Blue smoke is usually the result of burning oil. It should not be burning at all, as it shouldn't be entering the combustion chamber or leaking on or in anything in a properly operating "4 stroke" (or 4 cycle) engine. Blue smoke in exhaust is not a normal condition for a properly operating "4 stroke" or "4 cycle" engine.

When the choke is on, the mixture of fuel and air is brought from "Stoichiometric" (about 14.7 parts air to 1 part gasoline or a "14.7:1 ratio") to a more "rich" mixture (about 13:1). This is not the ideal mixture to run, but it makes it easier for the engine to start and stay running until warmed up. When the mixture is rich, is is not uncommon to see black smoke - which happens because of incomplete combustion in the engine. The balance of the combustion happens in the exhaust system, where the energy in the fuel is converted only into heat and zero power. Since there is little air in the system, black smoke is produced. It may even smell of raw gasoline, too.

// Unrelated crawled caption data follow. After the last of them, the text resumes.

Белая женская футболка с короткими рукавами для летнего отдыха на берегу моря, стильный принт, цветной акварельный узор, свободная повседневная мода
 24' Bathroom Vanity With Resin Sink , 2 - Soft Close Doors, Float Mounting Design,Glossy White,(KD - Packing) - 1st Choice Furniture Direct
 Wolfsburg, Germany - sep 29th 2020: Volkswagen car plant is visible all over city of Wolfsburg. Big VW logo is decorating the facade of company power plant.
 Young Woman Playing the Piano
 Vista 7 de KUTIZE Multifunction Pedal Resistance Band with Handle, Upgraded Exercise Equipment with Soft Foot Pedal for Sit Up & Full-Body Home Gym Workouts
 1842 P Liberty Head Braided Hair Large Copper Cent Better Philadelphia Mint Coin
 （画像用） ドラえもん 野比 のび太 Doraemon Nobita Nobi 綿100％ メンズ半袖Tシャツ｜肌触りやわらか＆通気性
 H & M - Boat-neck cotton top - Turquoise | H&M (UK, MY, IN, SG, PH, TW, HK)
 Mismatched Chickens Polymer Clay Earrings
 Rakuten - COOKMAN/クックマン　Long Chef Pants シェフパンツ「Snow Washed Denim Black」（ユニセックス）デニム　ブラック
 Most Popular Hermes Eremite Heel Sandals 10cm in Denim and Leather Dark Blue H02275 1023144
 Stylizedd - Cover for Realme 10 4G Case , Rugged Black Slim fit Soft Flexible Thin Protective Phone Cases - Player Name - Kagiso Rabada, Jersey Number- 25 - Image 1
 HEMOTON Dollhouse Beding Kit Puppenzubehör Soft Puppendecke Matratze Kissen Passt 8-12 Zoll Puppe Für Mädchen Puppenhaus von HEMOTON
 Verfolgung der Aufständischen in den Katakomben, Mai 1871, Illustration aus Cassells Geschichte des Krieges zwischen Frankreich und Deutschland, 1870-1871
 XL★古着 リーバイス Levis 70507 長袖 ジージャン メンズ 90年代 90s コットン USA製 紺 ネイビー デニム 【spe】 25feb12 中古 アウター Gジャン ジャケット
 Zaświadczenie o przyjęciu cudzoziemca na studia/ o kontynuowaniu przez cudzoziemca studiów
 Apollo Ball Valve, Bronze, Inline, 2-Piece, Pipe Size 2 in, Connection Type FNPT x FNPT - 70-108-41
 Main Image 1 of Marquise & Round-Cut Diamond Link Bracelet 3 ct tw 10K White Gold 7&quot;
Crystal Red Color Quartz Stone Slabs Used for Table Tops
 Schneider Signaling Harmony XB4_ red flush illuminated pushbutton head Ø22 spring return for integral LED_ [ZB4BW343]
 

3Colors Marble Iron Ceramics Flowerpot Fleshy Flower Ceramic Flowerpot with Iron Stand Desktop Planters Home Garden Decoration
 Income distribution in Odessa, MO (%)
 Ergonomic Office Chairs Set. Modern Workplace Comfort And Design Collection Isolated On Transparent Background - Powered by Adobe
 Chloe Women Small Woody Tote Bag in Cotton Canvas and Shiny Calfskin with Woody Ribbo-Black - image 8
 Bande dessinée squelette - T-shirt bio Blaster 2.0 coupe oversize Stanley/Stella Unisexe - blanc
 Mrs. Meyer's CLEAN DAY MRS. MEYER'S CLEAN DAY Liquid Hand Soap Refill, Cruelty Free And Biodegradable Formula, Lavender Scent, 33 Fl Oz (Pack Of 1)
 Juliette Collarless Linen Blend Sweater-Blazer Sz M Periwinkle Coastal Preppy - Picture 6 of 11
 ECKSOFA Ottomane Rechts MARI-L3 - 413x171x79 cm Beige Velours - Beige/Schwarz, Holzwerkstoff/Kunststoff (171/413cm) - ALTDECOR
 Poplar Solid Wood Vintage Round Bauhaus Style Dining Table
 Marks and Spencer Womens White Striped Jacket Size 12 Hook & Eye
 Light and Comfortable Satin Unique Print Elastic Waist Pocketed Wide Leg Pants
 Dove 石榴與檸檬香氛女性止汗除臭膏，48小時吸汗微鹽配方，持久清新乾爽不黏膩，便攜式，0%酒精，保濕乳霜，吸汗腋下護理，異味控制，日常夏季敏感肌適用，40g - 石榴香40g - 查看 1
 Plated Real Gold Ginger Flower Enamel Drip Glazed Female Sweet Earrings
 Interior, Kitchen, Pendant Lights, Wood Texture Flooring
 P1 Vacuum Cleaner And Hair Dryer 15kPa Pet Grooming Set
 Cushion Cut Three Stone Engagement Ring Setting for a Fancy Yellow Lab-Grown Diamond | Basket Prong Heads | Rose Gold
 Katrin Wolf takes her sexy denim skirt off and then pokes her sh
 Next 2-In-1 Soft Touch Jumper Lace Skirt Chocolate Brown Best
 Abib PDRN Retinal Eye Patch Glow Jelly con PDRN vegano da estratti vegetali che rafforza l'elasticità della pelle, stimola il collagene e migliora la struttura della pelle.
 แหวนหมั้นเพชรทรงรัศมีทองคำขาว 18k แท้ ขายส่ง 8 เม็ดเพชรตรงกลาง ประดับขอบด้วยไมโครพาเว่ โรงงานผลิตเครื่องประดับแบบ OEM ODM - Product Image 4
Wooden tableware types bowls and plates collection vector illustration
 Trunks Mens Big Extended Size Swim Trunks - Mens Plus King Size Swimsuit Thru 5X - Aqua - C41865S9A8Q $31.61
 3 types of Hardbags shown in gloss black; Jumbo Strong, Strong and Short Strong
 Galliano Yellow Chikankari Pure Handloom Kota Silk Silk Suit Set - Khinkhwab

When running at proper mixture ratios of fuel to air, little if any smoke should be observed in the exhaust gases. It is possible that this small amount of oil being burned is so minute that it is not readily visible under these conditions - but is probably present never the less. You should carefully monitor the engine oil level and keep it filled. Oil leaking in the combustion chamber can indicate a problem that can be expensive to repair.

Two cycle (or two stroke) engines on the other hand, require that the oil and gasoline be premixed in the tank or are blended together "on the fly" and for this reason is not unusual to see blue smoke in the exhaust gases even when unchoked.

I hope this helps & good luck!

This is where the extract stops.